Every entry is to be copied exactly as written, and the pictures are to be skipped.

╭─ Data to use

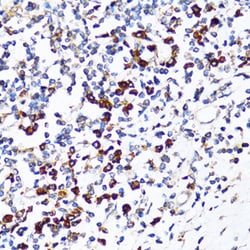 Invitrogen Ribophorin I Polyclonal Antibody 100 &mu;L; Unconjugated:Antibodies,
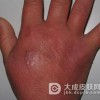 类丹毒是怎样引起的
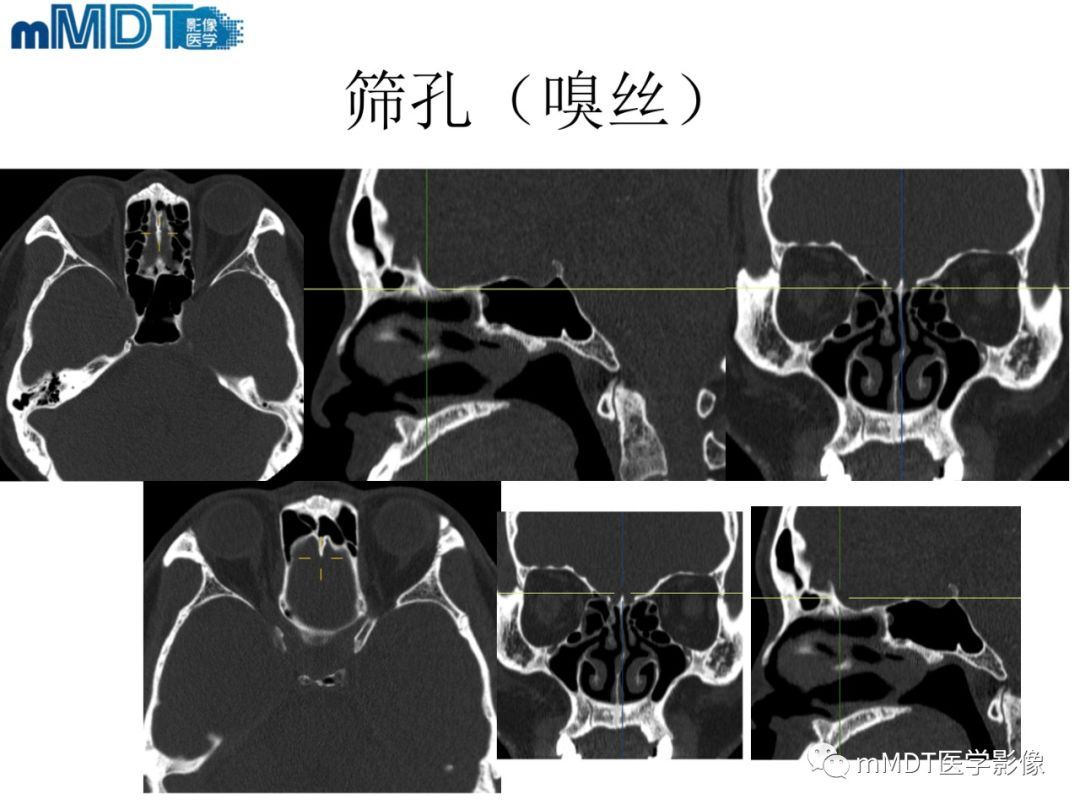 影像PPT - 【PPT】脑神经的影像辨识-20 影像PPT - 【PPT】脑神经的影像辨识-20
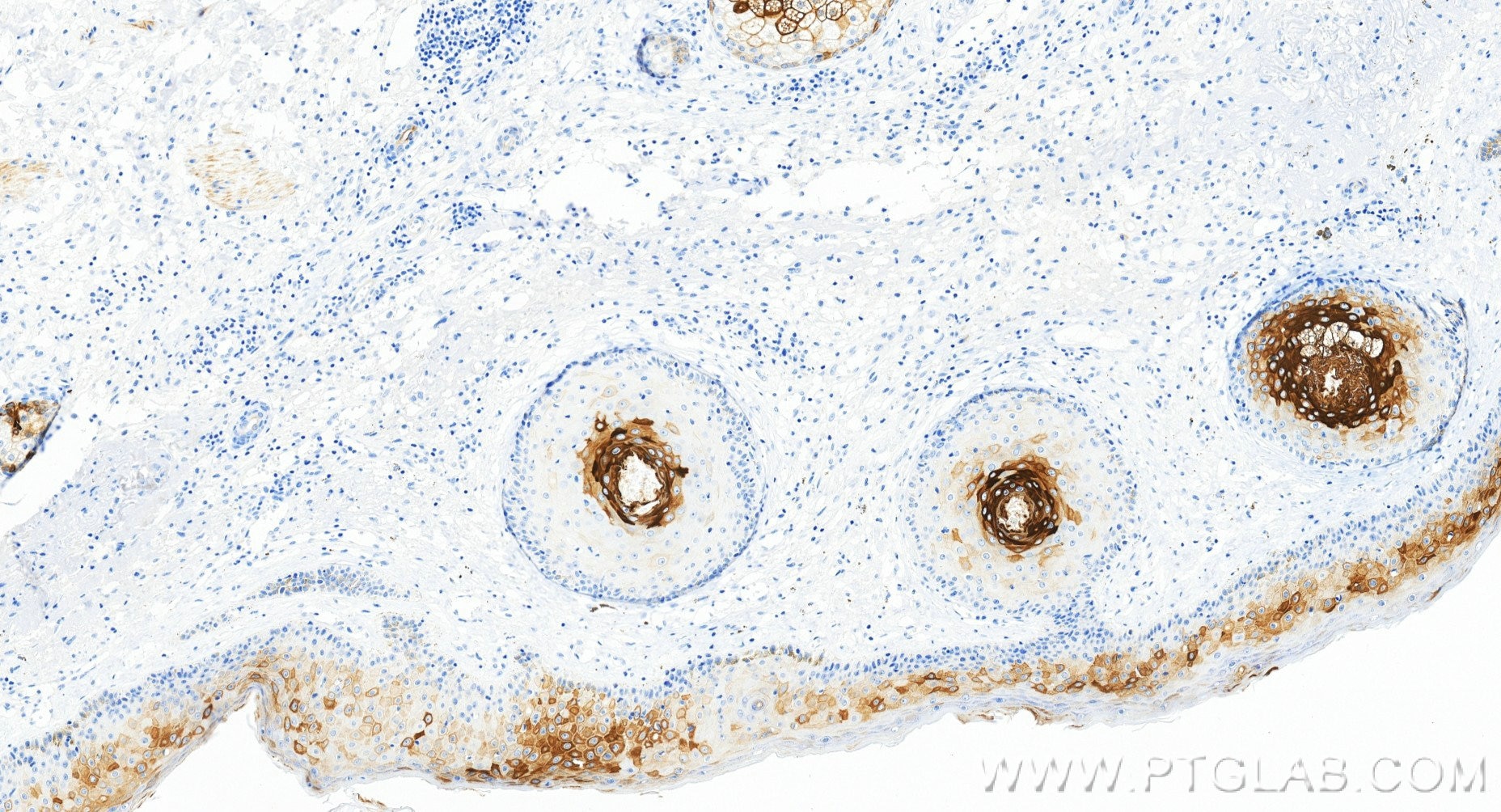 Immunohistochemistry (IHC) staining of human skin tissue using Cytokeratin 17-specific Recombinant monoclonal ant (84978-1-RR)
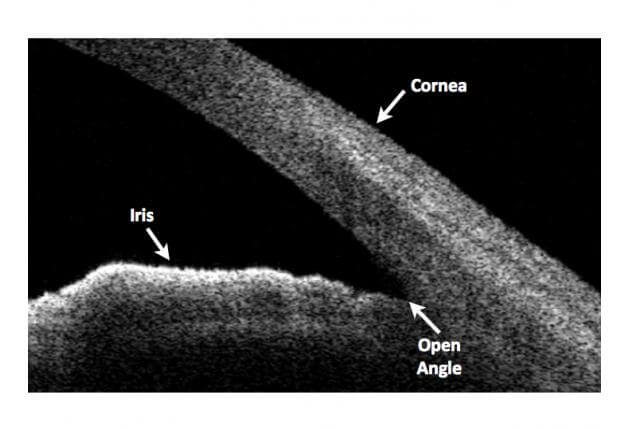 Primary Open-Angle Glaucoma OCT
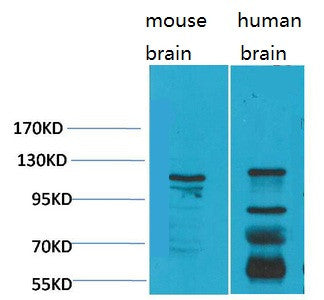 Anti-CACNA2D3 antibody (500-580 aa) (STJ197410) – Figure 1 of 1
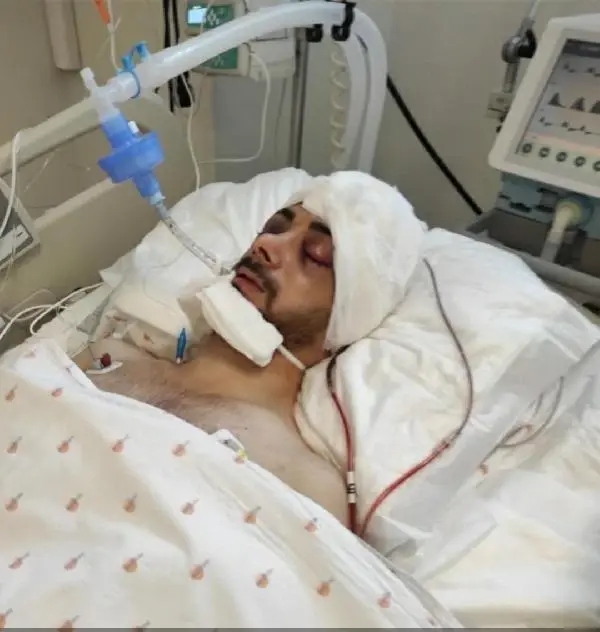 Attan düşen jokeyin yaşam mücadelesi 21 gündür sürüyor Attan düşen jokeyin yaşam mücadelesi 21 gündür sürüyor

╰─

■ **Solution to this problem**
 Invitrogen Ribophorin I Polyclonal Antibody 100 &mu;L; Unconjugated:Antibodies,
 类丹毒是怎样引起的
 影像PPT - 【PPT】脑神经的影像辨识-20 影像PPT - 【PPT】脑神经的影像辨识-20
 Immunohistochemistry (IHC) staining of human skin tissue using Cytokeratin 17-specific Recombinant monoclonal ant (84978-1-RR)
 Primary Open-Angle Glaucoma OCT
 Anti-CACNA2D3 antibody (500-580 aa) (STJ197410) – Figure 1 of 1
 Attan düşen jokeyin yaşam mücadelesi 21 gündür sürüyor Attan düşen jokeyin yaşam mücadelesi 21 gündür sürüyor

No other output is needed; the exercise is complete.